Friday, January 29, 2010

Zion

I just looked at pictures taken at Zion National Park today that featured Rob, Grandma Elwyn, Uncle Marty and Aunt Joan (the photographer). The jagged red rocks are lightly coated with snow and clouds. They reach up with abandon as if the river below them were a world away.

Enter Dietrich, for whom bedtime seems a world away (though not for his parents who see it is nearing 8 pm). He is singing and tapping on the dishwasher (at my knees): "Sunrise on the iceberg, all day long, until the moon comes up, Sunrise on the iceberg, all day long and then night comes and then the moon shows up - a dun dun dun - Sunrise on the iceberg all day all day long boom boom!" He goes on (and is now singing in the bathroom upstairs to Elliott and Ryan): "Airplane full of food, don't know what this was, it's a cardboard plane. An airplane full of food, it's an airplane full of food with nothing in it. Well I don't know why it's an airplane full of food, but I don't know why, Airplane full of food.".

Back to what I was saying about those mountains? Well, how can I top a sunrise all day long and an airplane full of food (is there any food on airplanes anymore?).

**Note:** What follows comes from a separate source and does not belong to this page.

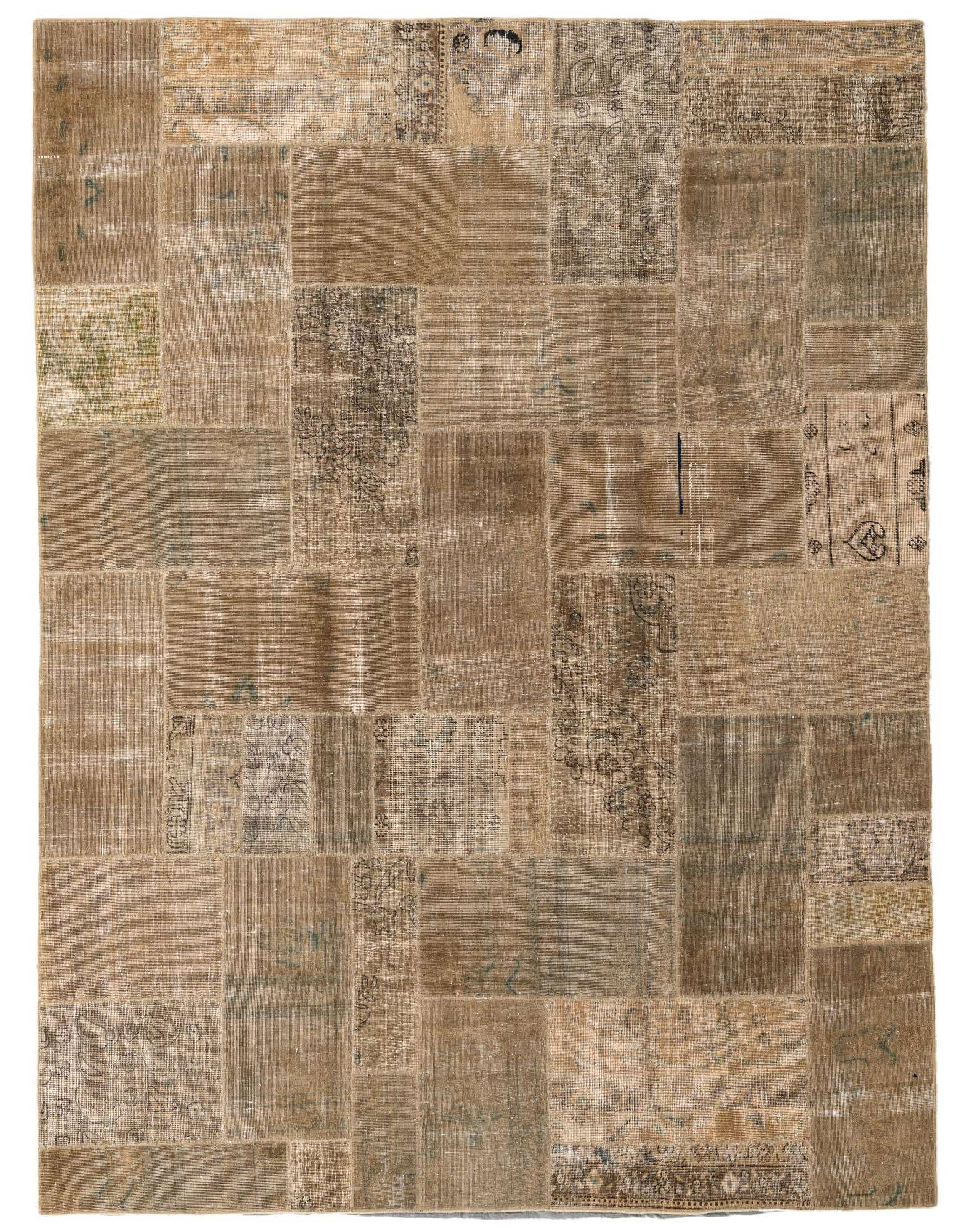 An 8x10 rectangular Rugs.com Ultra Vintage rug with a patchwork design in various shades of brown and tan.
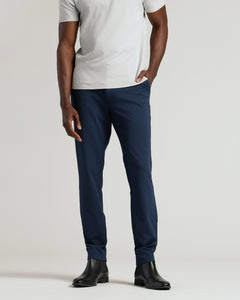 True ClassicMale model wearing Navy Commuter Pants with black Chelsea boots.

The mountains...one picture is of Rob by the muscley tree where Ryan and I had our engagement picture taken during a Utah trip with Joan and Marty in 2003. The tree looks just as strong now as it did then. It's lowest branch reaches out before going straight up like it is flexing its bicep to the mountains above. I was reading about famous Wisconsin trees and there is folklore that the trees with abrupt bends in their lower branches were shaped that way by native Americans and settlers to mark a trail. The limbs were pulled down when young and as they grew made an 'L' shape. Rob stands stoically by the tree, though I'm sure the day's hiking had plenty of laughter. Marty struck a "Carol" pose on a rock (did Rob let him get there first?) and I'm sure Joan recounted the hostess, Joy, who pretended there were no tables available. We had been hiking most of the day. It was almost two p.m., no tables, really? Joan somehow got past Joy and found us a table. How we were overJoyed-jokes followed for the rest of the day.

Grandma Elwyn looks especially relaxed in the pictures. When I told my Grandparents I would be making my first trip to the Rockies in the spring of 1994 I remember Grandma's face lighting up. "I just love the Rockies," she'd said. It had never dawned on me that someone who had lived in Wisconsin the whole time I knew her could have a fondness for another place. I brought her back a candle that she still has on a window sill. But tomorrow she comes back to Wisconsin. Her time in the Rockies this year has rejuvenated her and given her a new lease on life. I can imagine it will be hard to leave the desert where flowers are blooming and grass keeps living through the winter. Back here the snow has turned to rocky ice. Yesterday my eyeballs were cold. Not even in Northfield have I experienced that. But maybe Grandma will bring back with her some of the awe of the red cliffs of Zion and some of the tenaciousness of the desert. And soon, or at least in three months, it will be spring.